We got there at about 10:30 am, and spent a little time orienting ourselves. The old part of Rouen is pretty small, so it wasn't hard to walk around. The first thing we saw was the Gros-Horloge, or "large clock," a huge and beautiful clock in the middle of a windy Rouennais street. Rouen features a lot of half-timbered houses, painted in bright colors and absolutely gorgeous. So typically French, haha.
Next, we found the Cathédrale de Rouen, which is famous because Monet did several paintings studying effects of light there. It's incredibly beautiful, the architectural detail is really amazing.
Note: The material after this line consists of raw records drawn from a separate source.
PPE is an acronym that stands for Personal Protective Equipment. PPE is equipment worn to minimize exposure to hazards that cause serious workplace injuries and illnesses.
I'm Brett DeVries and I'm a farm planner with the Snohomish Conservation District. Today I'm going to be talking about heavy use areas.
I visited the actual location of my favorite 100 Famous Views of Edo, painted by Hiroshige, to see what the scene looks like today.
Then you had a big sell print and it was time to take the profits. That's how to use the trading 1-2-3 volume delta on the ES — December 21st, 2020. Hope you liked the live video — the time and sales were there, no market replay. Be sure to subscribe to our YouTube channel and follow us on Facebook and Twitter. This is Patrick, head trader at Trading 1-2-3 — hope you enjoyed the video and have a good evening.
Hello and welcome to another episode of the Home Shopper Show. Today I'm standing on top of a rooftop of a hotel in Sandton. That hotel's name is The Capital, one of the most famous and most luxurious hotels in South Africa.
We spent a little time walking around the cathedral and taking pictures from different sides...the spire is the tallest in France!
We kept walking and then found the Place du Vieux-Marché, where Jeanne d'Arc met her untimely fate. They have a garden at the actual site where she was burned, and the rest of the square is made up of the foundations of the church that was there at the time of her death, and the new, modern church that was built to honor her after she was canonized (the Eglise Jeanne d'Arc). We found a Tex-Mex place to eat lunch, and to hide out from the intermittent rain showers!
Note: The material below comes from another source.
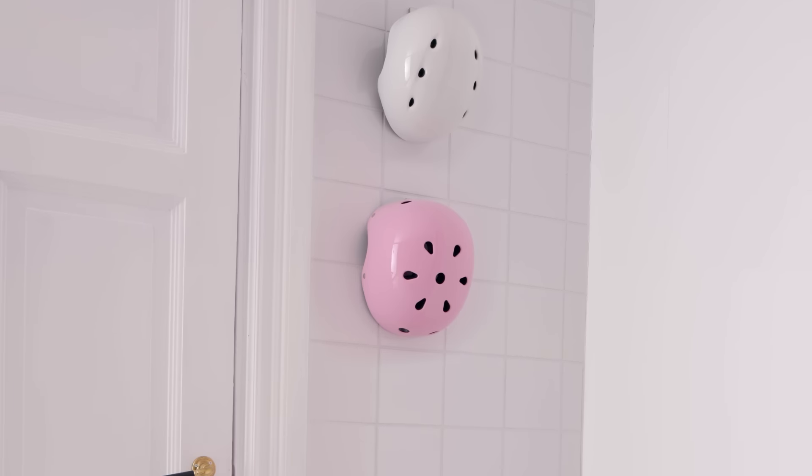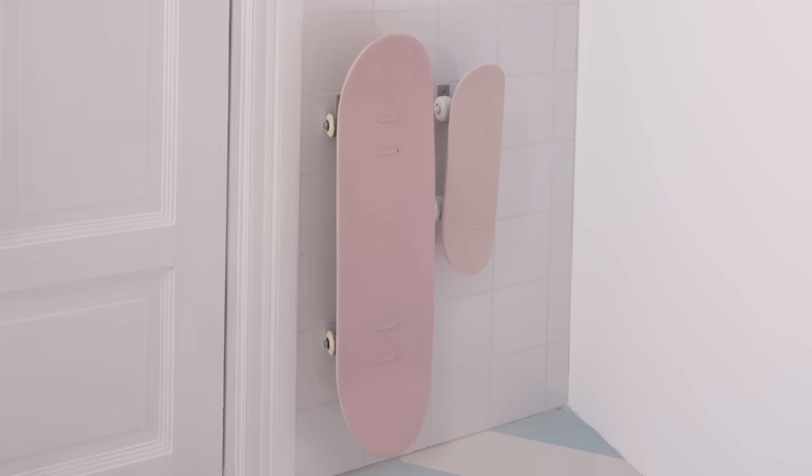First, there's stuff you carry in and need to set down. These bulky things stay by the door so they're not in the way.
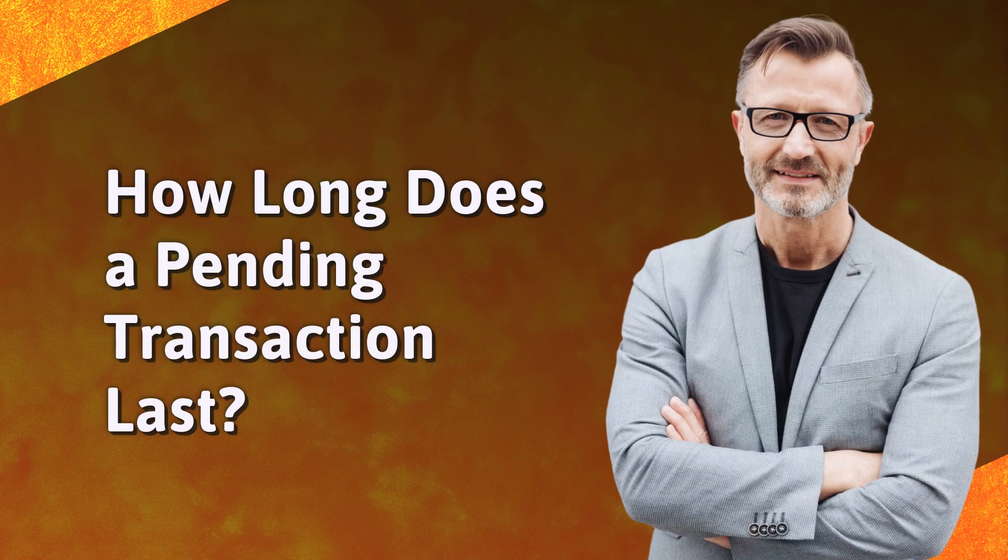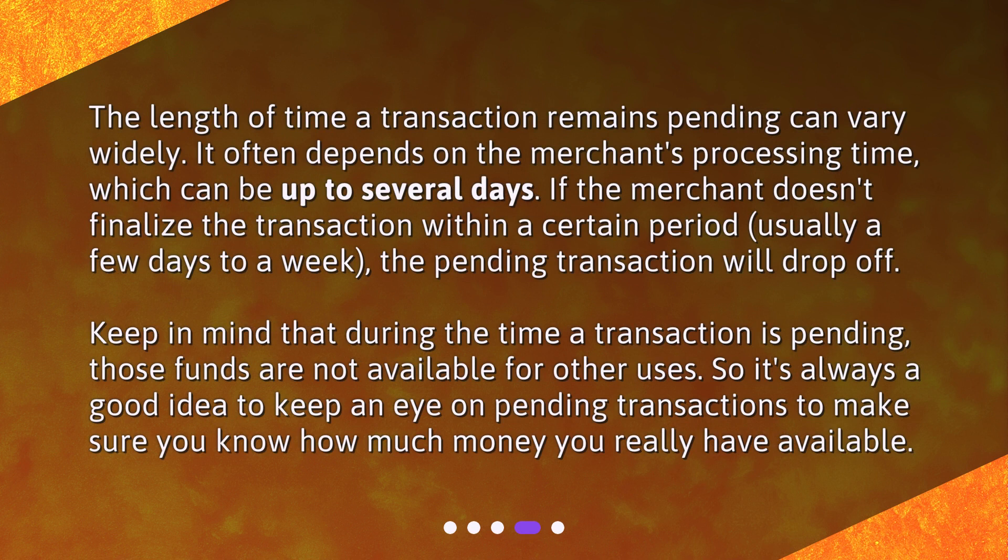How long does a pending transaction last? The length of time a transaction remains pending can vary widely. It often depends on the merchant's processing time, which can be up to several days. If the merchant doesn't finalize the transaction within a certain period — usually a few days to a week — the pending transaction will drop off. Keep in mind that during the time a transaction is pending, those funds are not available for other uses. So it's always a good idea to keep an eye on pending transactions to make sure you know how much money you really have available.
After lunch, we walked around a lot, since everything in Rouen closes between 12 and 2. After a lot of walking and another church or two, we found le Musée des Antiquités, a museum of Normandy artifacts dating from Gallo-Roman times all the way to the Renaissance. Normandy is an area that jumped back and forth between British and French control a lot, so that was pretty interesting to see. After that, we walked back to the Place du Vieux-Marché and saw the Musée de Jeanne d'Arc, part artifacts and part wax museum. The wax museum part was pretty funny/creepy, actually. I took lots of pictures, lol. Then we visited our third and final museum. Gustav Flaubert, the writer of Madame Bovary, was born in Rouen. There's a museum partially about his life and partially about medical history, and since Megan had really wanted to see a medical history museum in Lille that had been closed, we decided to go. It was kind of gross...the things on display included a calcified fetus, a skeleton of an 8-months fetus, old medical tools and drugs, childbirth diagrams, and dentistry stuff. But just weird enough to be funny!
Oh, and then we ate macaroons! Macaroons are a very big deal in Normandy but they are very different from home...they're actually ten times better, I think. They aren't coconut, they're more like sugary wafers with all different flavors. They were awesome!
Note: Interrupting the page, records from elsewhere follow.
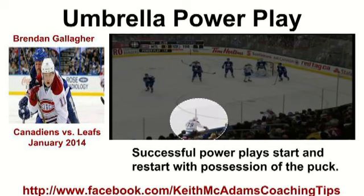In the NHL, it's essential that the team screen, tip, and rebound. The Montreal Canadiens do a great job screening and rebounding on this goal.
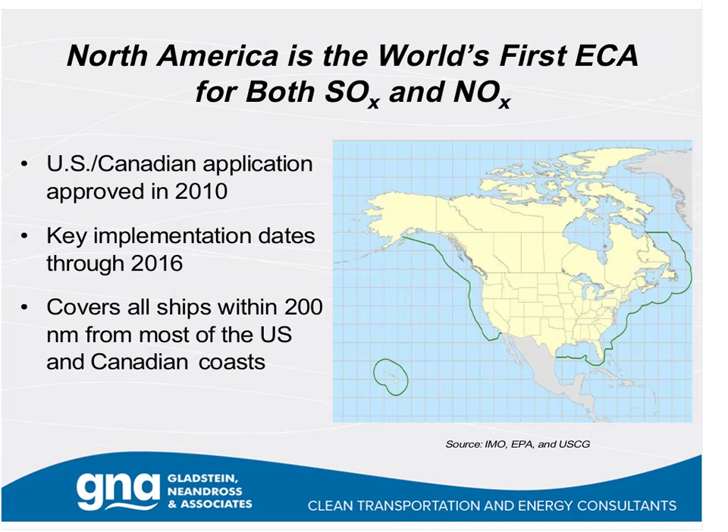North America is the world's first ECA for both SOx and NOx. The ECAs that exist in Europe just cover sulfur and SOx. The U.S.-Canadian application was approved in 2010, followed shortly thereafter by a similar application to cover the U.S. properties in the Caribbean. The key implementation dates going forward are 2015—the final drop in sulfur to the 0.1% level—and 2016 for the Tier 3 NOx standards. It covers all ships within 200 nautical miles of most of the U.S. and Canadian coasts and areas around the Caribbean islands.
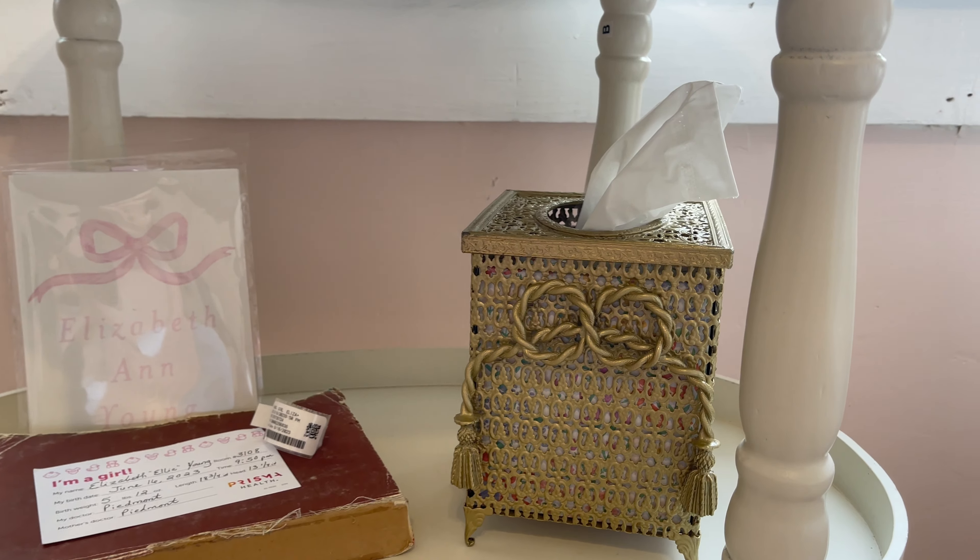This Bible was my Mimi's that she gave me a very long time ago — I thought it was sweet to put in here. We also have her stats and things like that, and a little name sign from Etsy that I want to get a frame for. I'll probably put some burp cloths here too because whenever I'm in this chair I always need them.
Our train left at 8 so we went searching for a place to eat dinner. However, people in Rouen have very specific hours for food, and at 5:30 we could not find anywhere to eat. We wandered around for quite a while, had a hot chocolate in the train station restaurant, went into a few shops, but still couldn't find anywhere that opened before 7. So we ended up back in the train station restaurant, drinking red wine (to ward off Megan's and my colds) and eating pizza.
I just uploaded all the Rouen pictures online, so check them out! I took a lot of pictures considering we weren't even there 12 hours...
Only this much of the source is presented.